* Your objective
Given these entries, repeat exactly the lines starting with the one that has "So that's basically" and going on through the one that has "Hi all, welcome", both included, but none of the pictures.

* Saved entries
◆ ◆ ◆

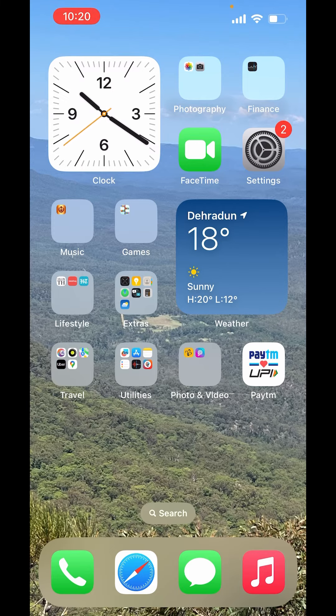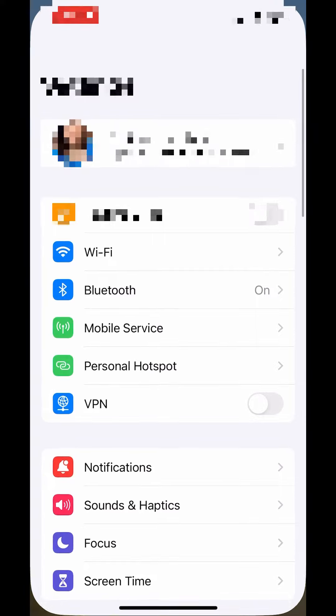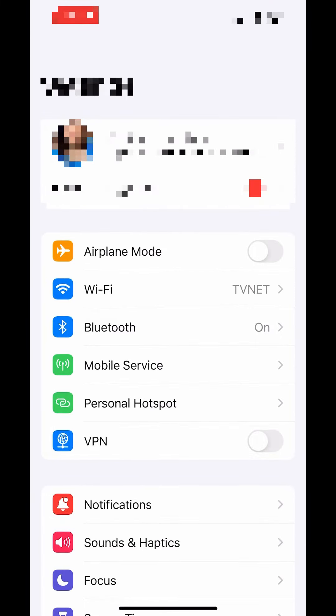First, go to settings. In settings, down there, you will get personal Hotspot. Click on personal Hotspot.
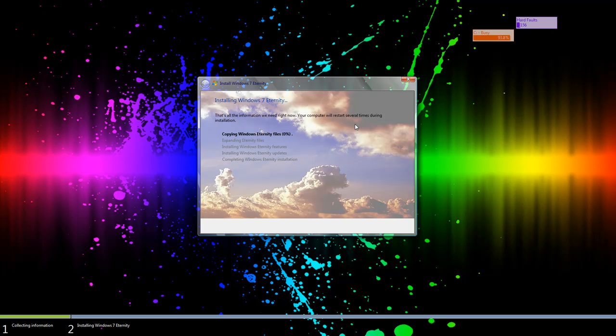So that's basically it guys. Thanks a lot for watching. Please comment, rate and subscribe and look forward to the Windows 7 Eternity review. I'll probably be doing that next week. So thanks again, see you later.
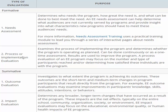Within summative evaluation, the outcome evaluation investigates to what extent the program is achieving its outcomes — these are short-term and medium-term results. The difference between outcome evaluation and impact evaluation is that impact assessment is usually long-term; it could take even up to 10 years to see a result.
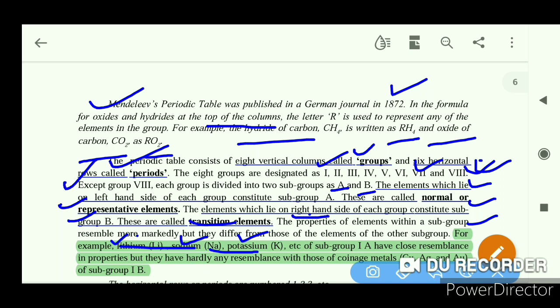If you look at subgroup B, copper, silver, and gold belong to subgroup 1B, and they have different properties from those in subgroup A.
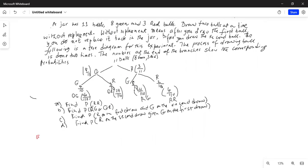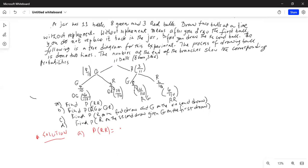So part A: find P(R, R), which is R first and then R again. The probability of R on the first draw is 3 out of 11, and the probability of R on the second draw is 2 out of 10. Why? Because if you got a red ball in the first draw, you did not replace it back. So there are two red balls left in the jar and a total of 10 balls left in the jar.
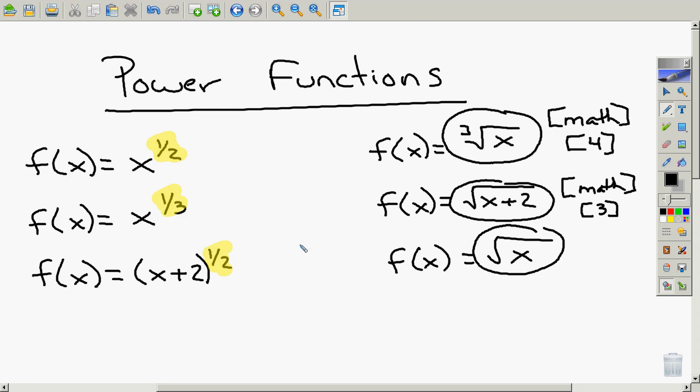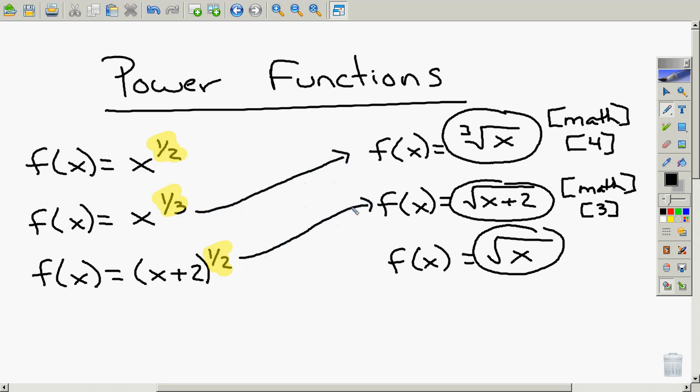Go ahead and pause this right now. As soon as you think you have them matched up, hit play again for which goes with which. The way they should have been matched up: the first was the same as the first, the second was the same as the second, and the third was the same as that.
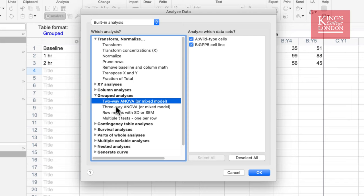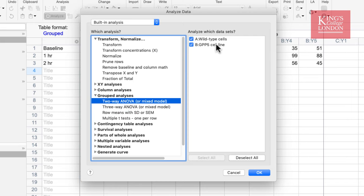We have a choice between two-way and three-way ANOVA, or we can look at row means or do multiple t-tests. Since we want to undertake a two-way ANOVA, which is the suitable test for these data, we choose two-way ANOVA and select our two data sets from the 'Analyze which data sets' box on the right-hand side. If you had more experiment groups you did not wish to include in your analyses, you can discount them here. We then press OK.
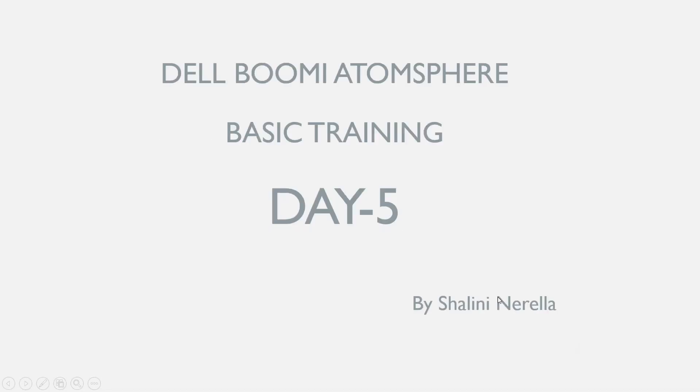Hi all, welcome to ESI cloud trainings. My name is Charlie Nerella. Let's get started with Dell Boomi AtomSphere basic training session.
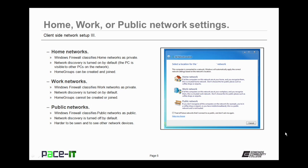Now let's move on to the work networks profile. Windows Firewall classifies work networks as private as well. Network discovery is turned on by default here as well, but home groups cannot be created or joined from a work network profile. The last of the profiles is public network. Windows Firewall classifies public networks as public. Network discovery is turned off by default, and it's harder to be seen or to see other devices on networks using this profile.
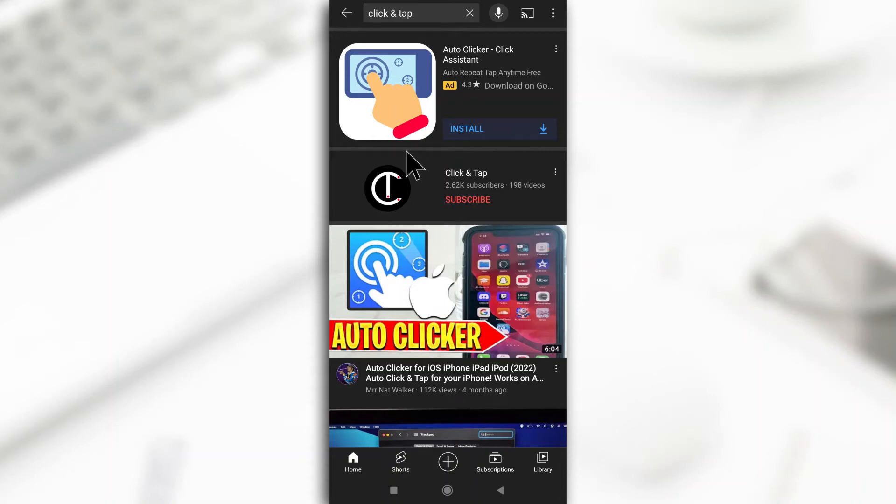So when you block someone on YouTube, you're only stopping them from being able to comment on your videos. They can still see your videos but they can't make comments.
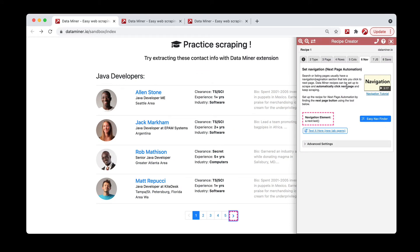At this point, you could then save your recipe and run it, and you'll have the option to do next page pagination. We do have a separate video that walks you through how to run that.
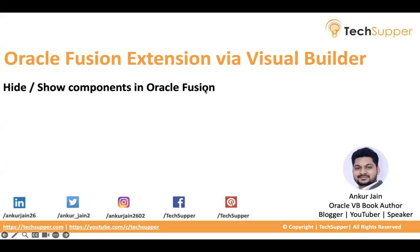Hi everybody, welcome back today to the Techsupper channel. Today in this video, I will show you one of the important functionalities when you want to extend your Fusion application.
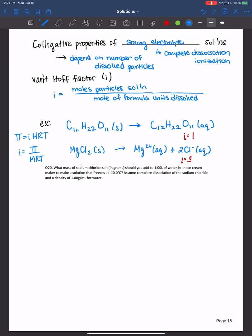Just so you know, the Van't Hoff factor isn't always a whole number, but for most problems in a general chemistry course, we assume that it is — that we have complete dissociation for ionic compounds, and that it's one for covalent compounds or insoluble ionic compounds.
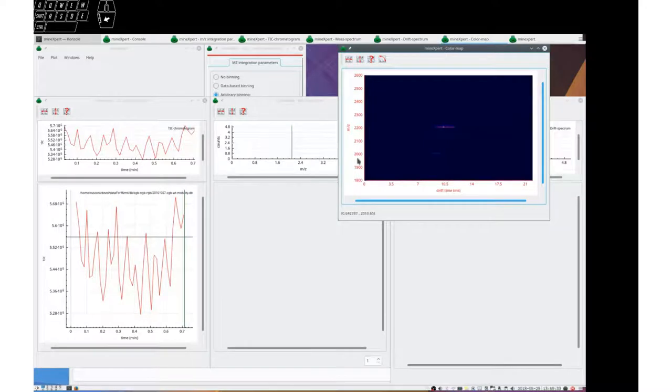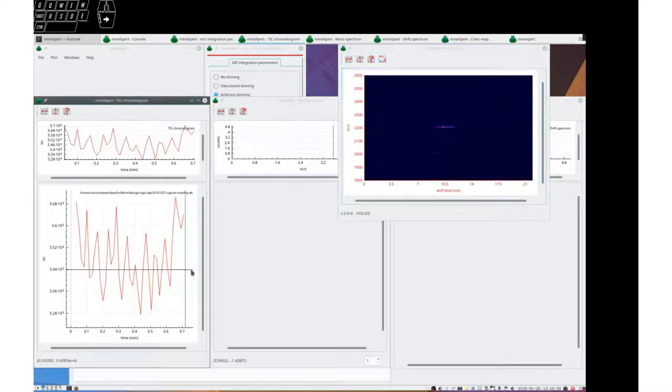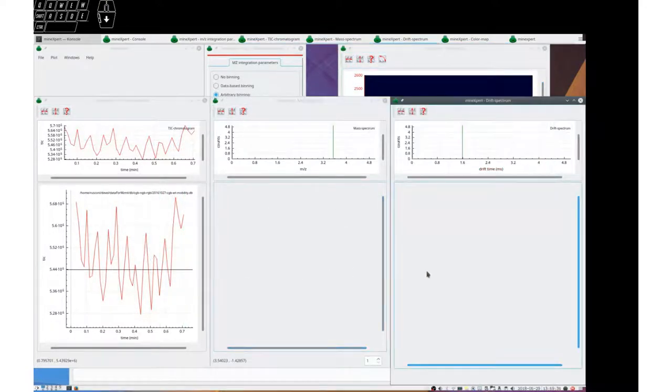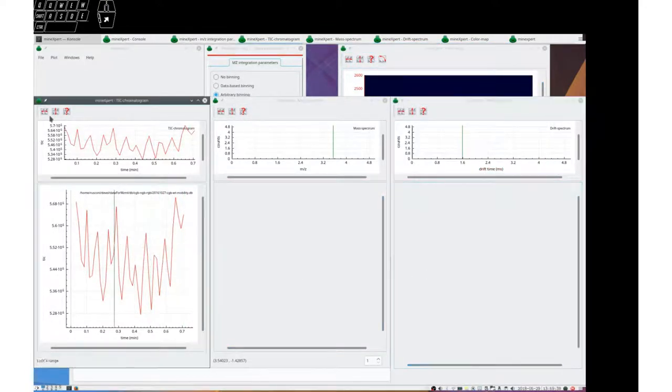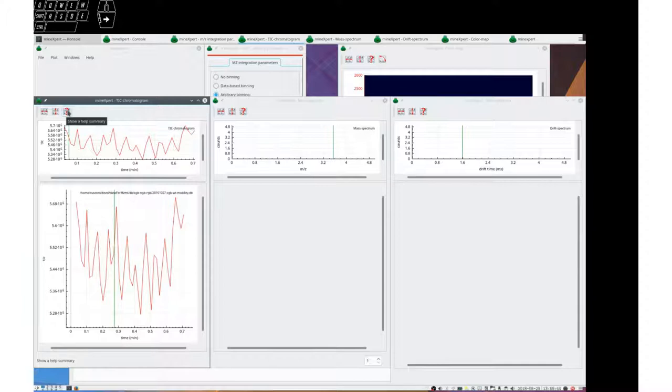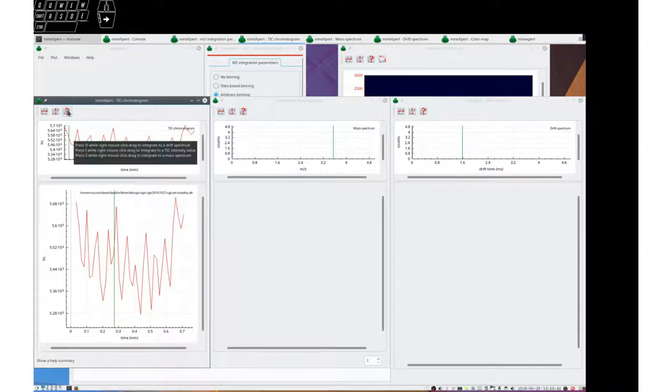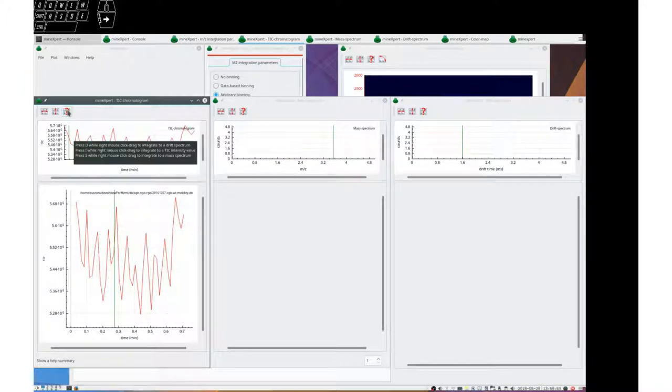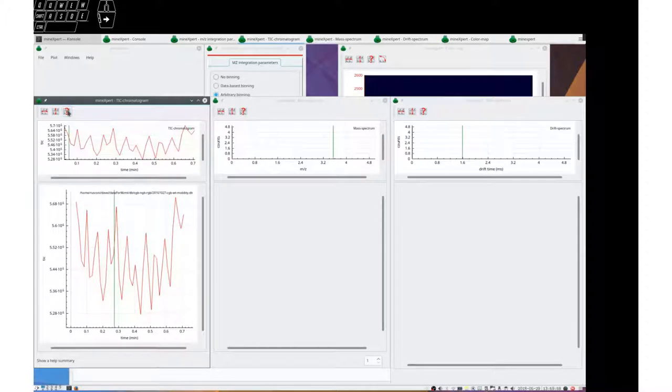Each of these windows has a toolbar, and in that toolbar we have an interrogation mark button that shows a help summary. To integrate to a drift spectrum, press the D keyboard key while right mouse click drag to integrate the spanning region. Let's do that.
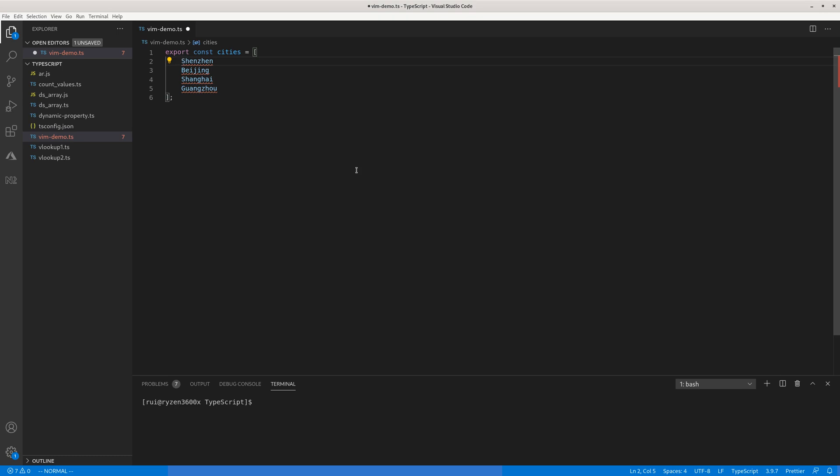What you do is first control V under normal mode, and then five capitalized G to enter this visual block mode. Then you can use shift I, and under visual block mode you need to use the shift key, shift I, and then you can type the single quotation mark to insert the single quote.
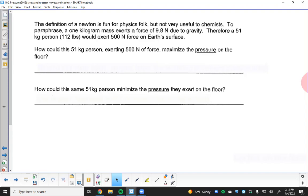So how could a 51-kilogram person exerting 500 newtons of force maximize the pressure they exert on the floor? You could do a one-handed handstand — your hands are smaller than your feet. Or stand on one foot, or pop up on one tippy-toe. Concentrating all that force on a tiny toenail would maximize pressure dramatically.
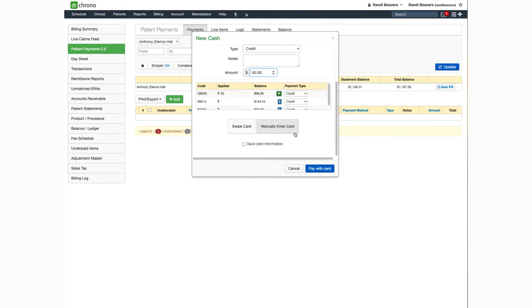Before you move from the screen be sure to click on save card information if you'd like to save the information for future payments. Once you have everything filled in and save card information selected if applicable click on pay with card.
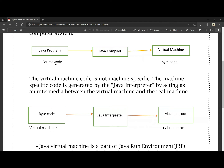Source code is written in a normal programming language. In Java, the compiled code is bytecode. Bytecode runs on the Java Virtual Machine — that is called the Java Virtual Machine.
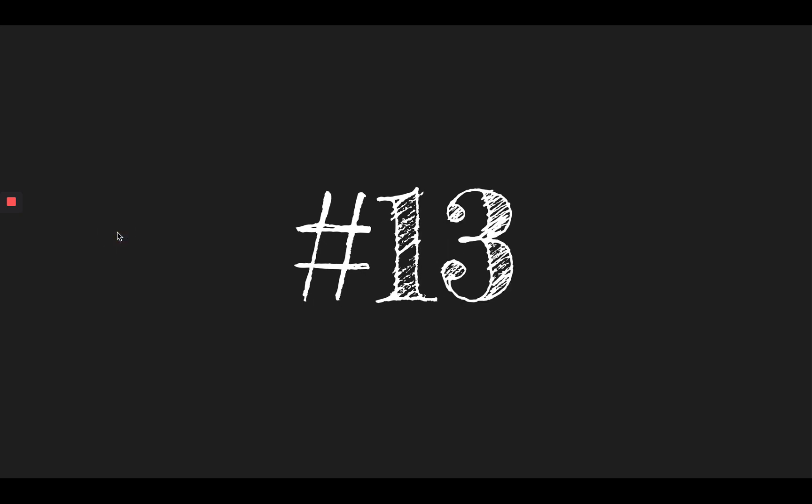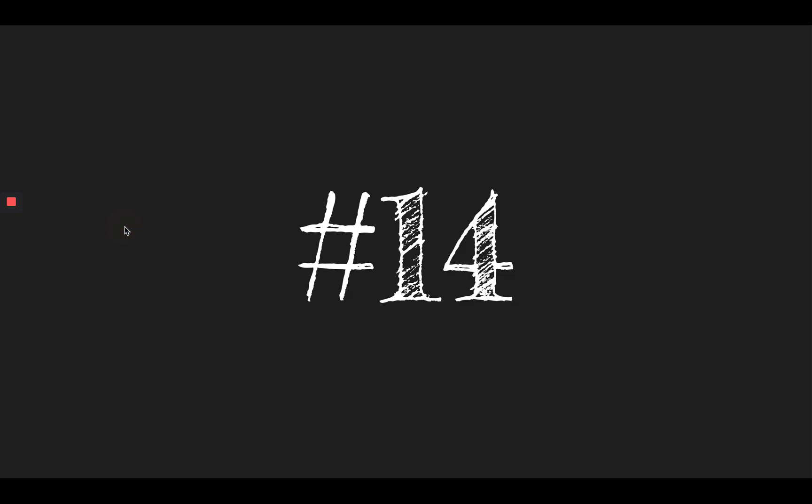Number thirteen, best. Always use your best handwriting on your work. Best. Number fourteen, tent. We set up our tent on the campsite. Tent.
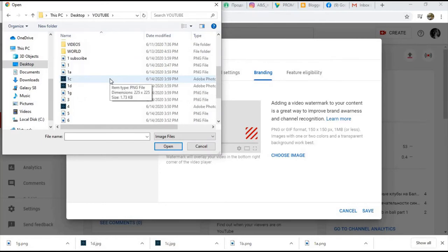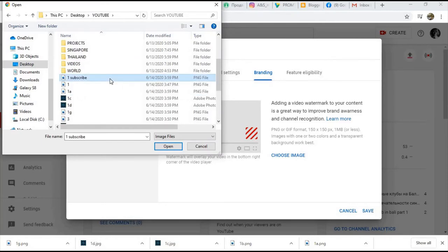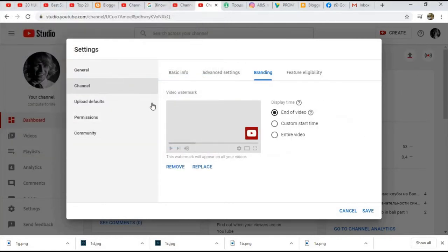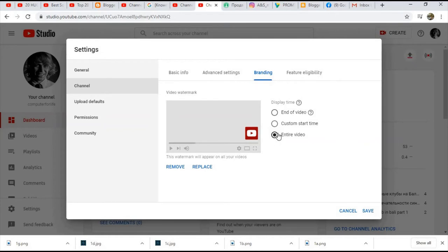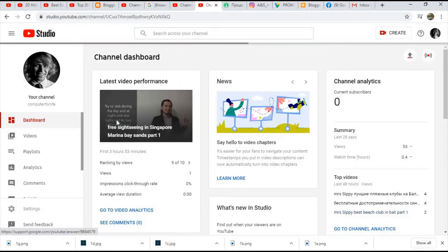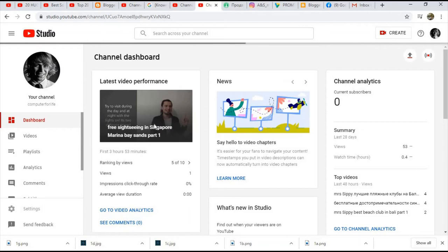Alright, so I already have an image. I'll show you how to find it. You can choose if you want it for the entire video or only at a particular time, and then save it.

◆ ◆ ◆

* Your solution
So that's basically it guys. Thanks a lot for watching. Please comment, rate and subscribe and look forward to the Windows 7 Eternity review. I'll probably be doing that next week. So thanks again, see you later.
Within summative evaluation, the outcome evaluation investigates to what extent the program is achieving its outcomes — these are short-term and medium-term results. The difference between outcome evaluation and impact evaluation is that impact assessment is usually long-term; it could take even up to 10 years to see a result.
If you look at subgroup B, copper, silver, and gold belong to subgroup 1B, and they have different properties from those in subgroup A.
So part A: find P(R, R), which is R first and then R again. The probability of R on the first draw is 3 out of 11, and the probability of R on the second draw is 2 out of 10. Why? Because if you got a red ball in the first draw, you did not replace it back. So there are two red balls left in the jar and a total of 10 balls left in the jar.
Go ahead and pause this right now. As soon as you think you have them matched up, hit play again for which goes with which. The way they should have been matched up: the first was the same as the first, the second was the same as the second, and the third was the same as that.
We have a choice between two-way and three-way ANOVA, or we can look at row means or do multiple t-tests. Since we want to undertake a two-way ANOVA, which is the suitable test for these data, we choose two-way ANOVA and select our two data sets from the 'Analyze which data sets' box on the right-hand side. If you had more experiment groups you did not wish to include in your analyses, you can discount them here. We then press OK.
Hi all, welcome to ESI cloud trainings. My name is Charlie Nerella. Let's get started with Dell Boomi AtomSphere basic training session.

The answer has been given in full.